> [DATA TO PROCESS]:
|---|
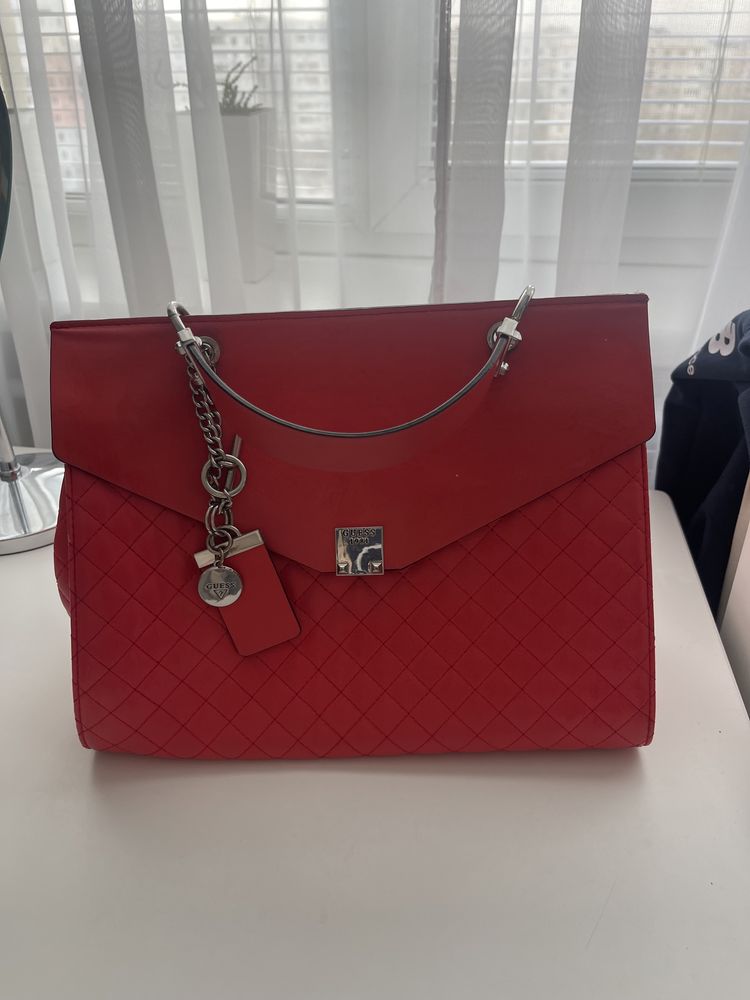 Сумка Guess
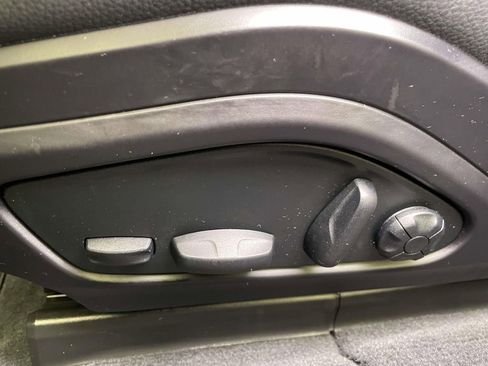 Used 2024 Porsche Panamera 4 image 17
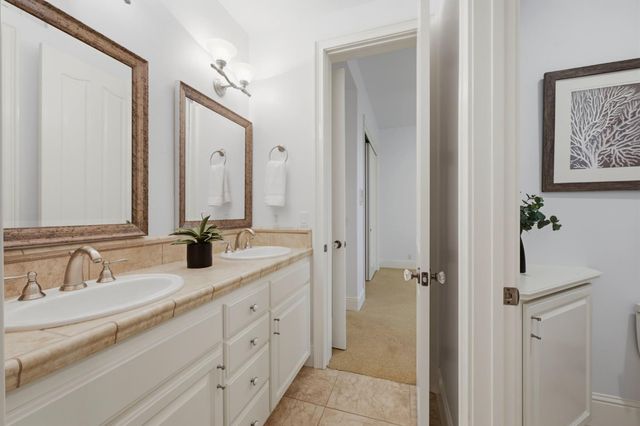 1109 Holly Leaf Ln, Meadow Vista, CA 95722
|---|
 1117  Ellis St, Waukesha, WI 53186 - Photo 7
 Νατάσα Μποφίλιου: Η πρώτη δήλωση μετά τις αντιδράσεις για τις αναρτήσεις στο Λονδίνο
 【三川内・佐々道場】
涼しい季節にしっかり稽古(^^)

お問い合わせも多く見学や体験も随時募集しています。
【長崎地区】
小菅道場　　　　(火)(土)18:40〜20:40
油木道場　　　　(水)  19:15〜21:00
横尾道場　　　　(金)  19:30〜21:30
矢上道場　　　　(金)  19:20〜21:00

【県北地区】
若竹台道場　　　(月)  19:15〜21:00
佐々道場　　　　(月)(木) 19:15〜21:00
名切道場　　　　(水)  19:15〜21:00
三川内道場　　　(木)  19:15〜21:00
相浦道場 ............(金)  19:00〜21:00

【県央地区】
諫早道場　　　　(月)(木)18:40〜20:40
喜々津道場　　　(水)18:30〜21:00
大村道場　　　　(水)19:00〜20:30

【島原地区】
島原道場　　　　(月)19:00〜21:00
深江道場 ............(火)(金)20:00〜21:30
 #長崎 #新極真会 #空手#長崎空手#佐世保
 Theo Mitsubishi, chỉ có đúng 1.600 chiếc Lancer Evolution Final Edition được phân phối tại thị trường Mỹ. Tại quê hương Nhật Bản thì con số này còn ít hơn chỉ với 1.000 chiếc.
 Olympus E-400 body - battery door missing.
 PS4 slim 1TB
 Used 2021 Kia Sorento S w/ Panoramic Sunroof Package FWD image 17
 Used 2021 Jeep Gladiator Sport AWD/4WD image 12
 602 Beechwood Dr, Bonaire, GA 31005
|---|
> [TO DO]: Would you copy, word for word, only the lines above from the one containing "Сумка Guess" through the one containing "1109 Holly Leaf Ln, Meadow Vista, CA 95722", both included, and please leave out the pictures?

> [THE COMPLETED TASK]:
 Сумка Guess
 Used 2024 Porsche Panamera 4 image 17
 1109 Holly Leaf Ln, Meadow Vista, CA 95722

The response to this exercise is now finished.